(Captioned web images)
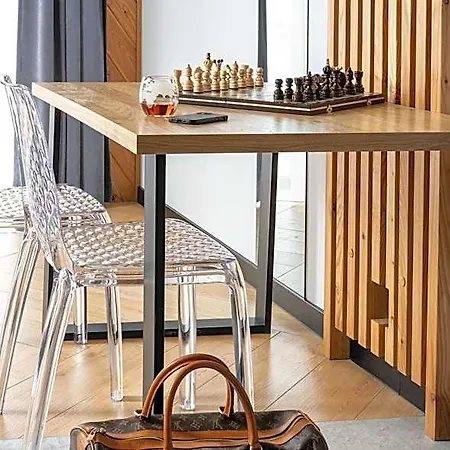 Apart-hotel Wrota Chalubinskiego 4*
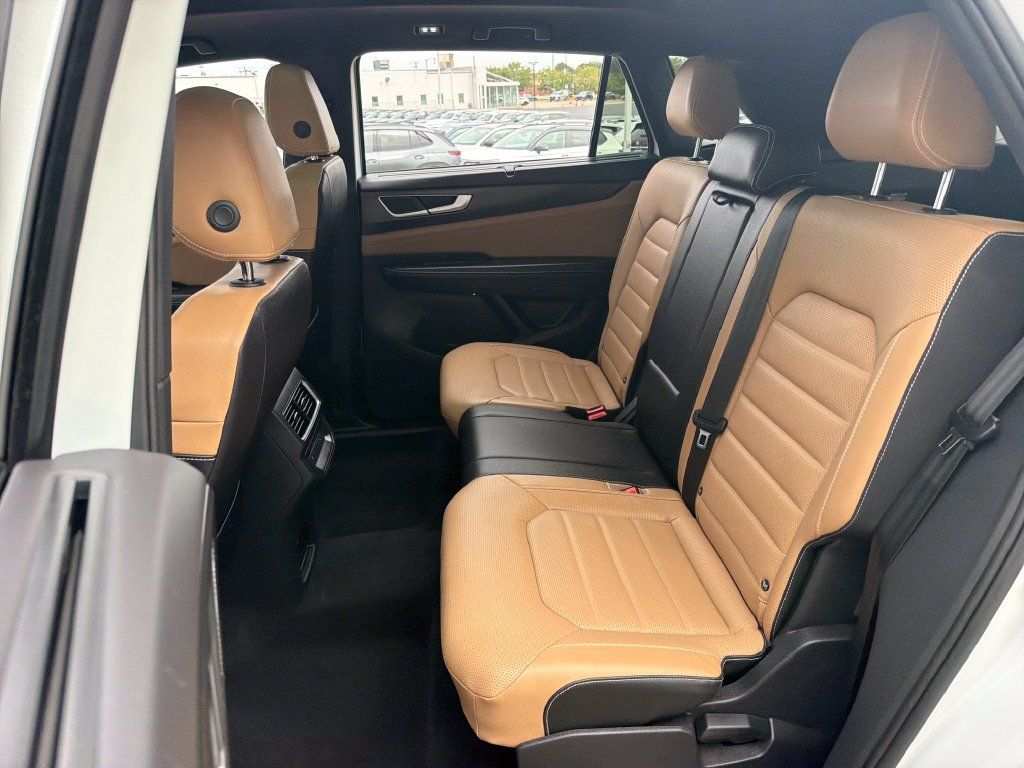 Certified 2026 Volkswagen Atlas Cross Sport SEL R-Line AWD/4WD image 25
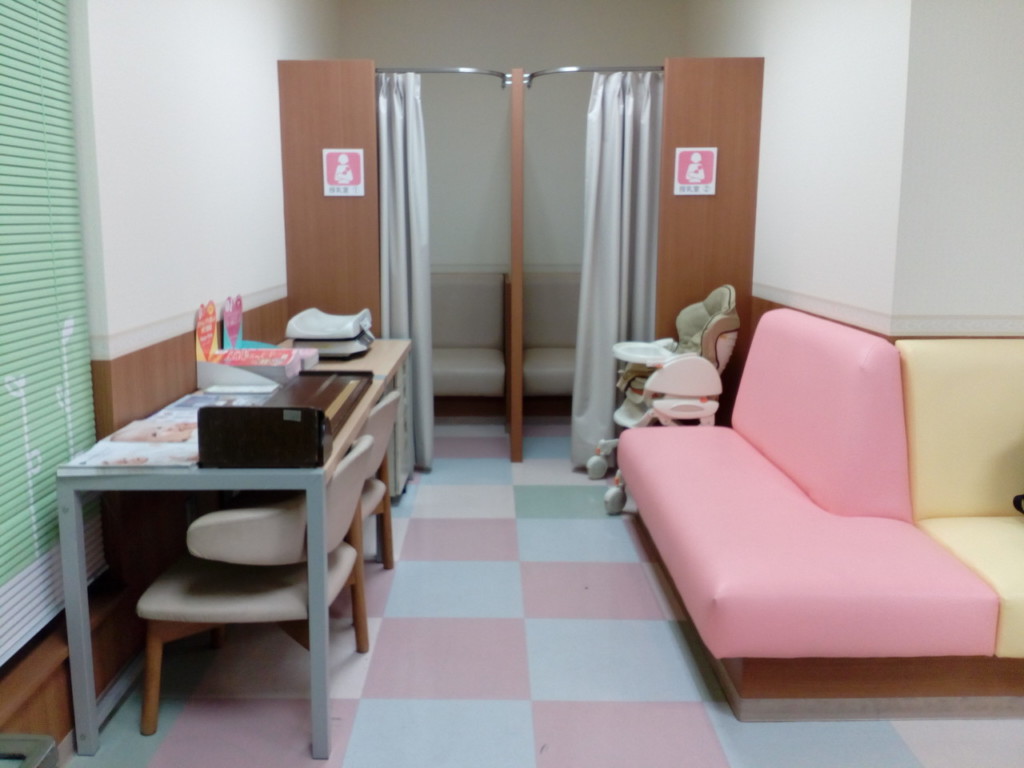 上尾駅直結の丸広百貨店５階にある赤ちゃん休憩室を紹介！授乳室やおむつ替え台もあるよ。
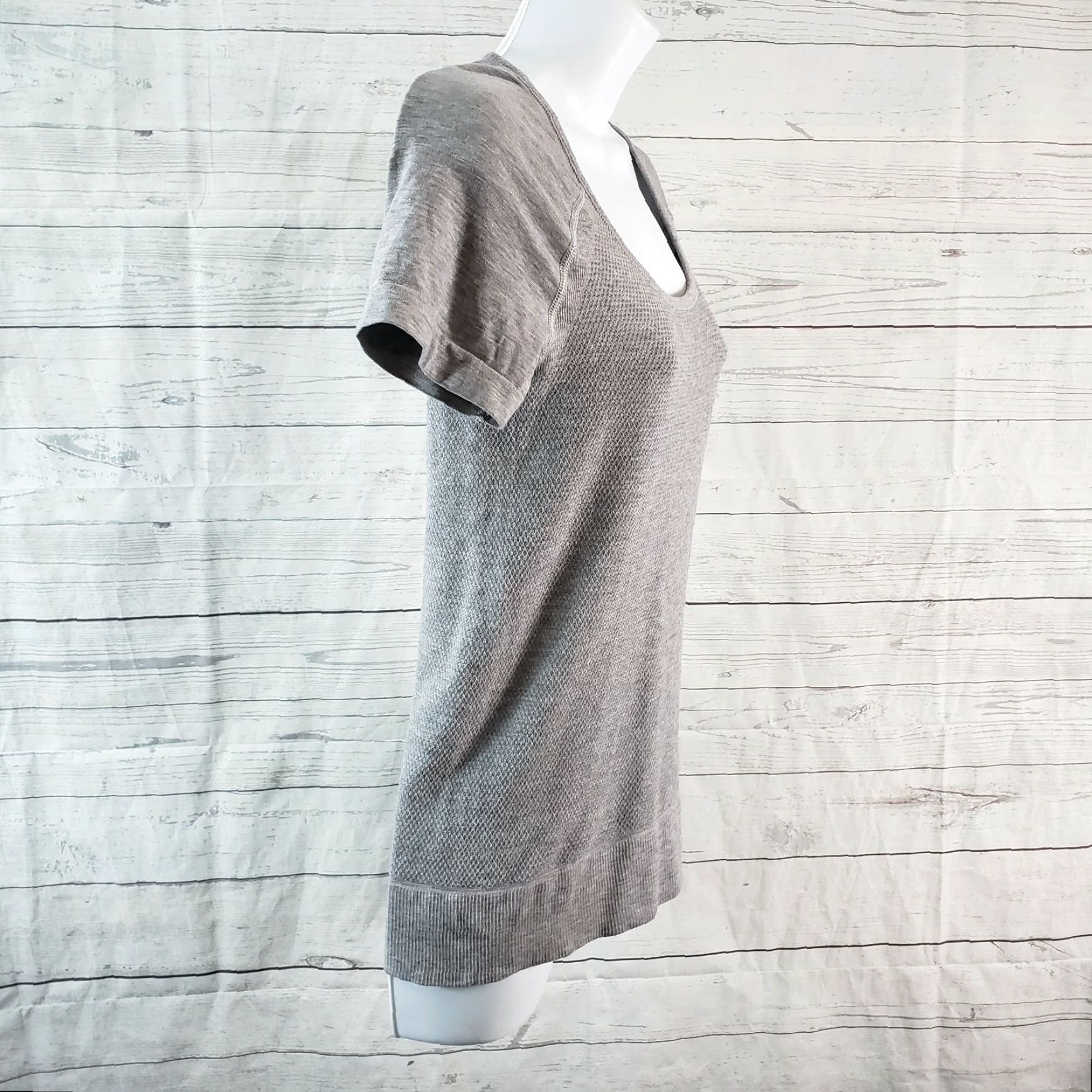 Athleta Athleta Womens Zeal Tee Sz Medium Gray Short Sleeve Scoop Neck Shirt Womens Medium Gray Athletic Tee Size 32" / US 10 / IT 46 - 3 Thumbnail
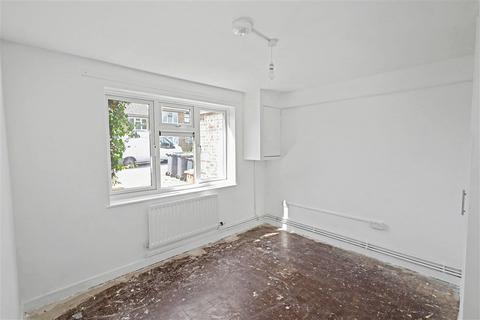 1 bedroom ground floor flat for sale, High Oak Road, WARE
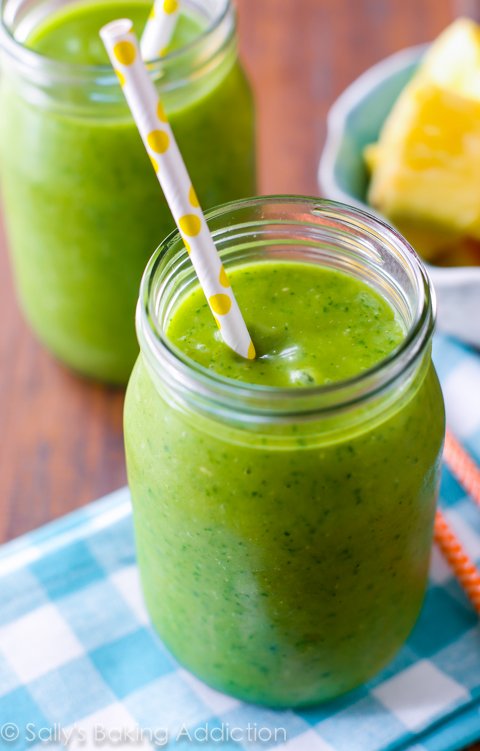 https://aducksoven.com/wp-content/uploads/2014/08/Glowing-Skin-Smoothies-2.jpg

Exercise objective = Output the entries exactly as they appear, with no pictures included.

Response to this task =
 Apart-hotel Wrota Chalubinskiego 4*
 Certified 2026 Volkswagen Atlas Cross Sport SEL R-Line AWD/4WD image 25
 上尾駅直結の丸広百貨店５階にある赤ちゃん休憩室を紹介！授乳室やおむつ替え台もあるよ。
 Athleta Athleta Womens Zeal Tee Sz Medium Gray Short Sleeve Scoop Neck Shirt Womens Medium Gray Athletic Tee Size 32" / US 10 / IT 46 - 3 Thumbnail
 1 bedroom ground floor flat for sale, High Oak Road, WARE
 https://aducksoven.com/wp-content/uploads/2014/08/Glowing-Skin-Smoothies-2.jpg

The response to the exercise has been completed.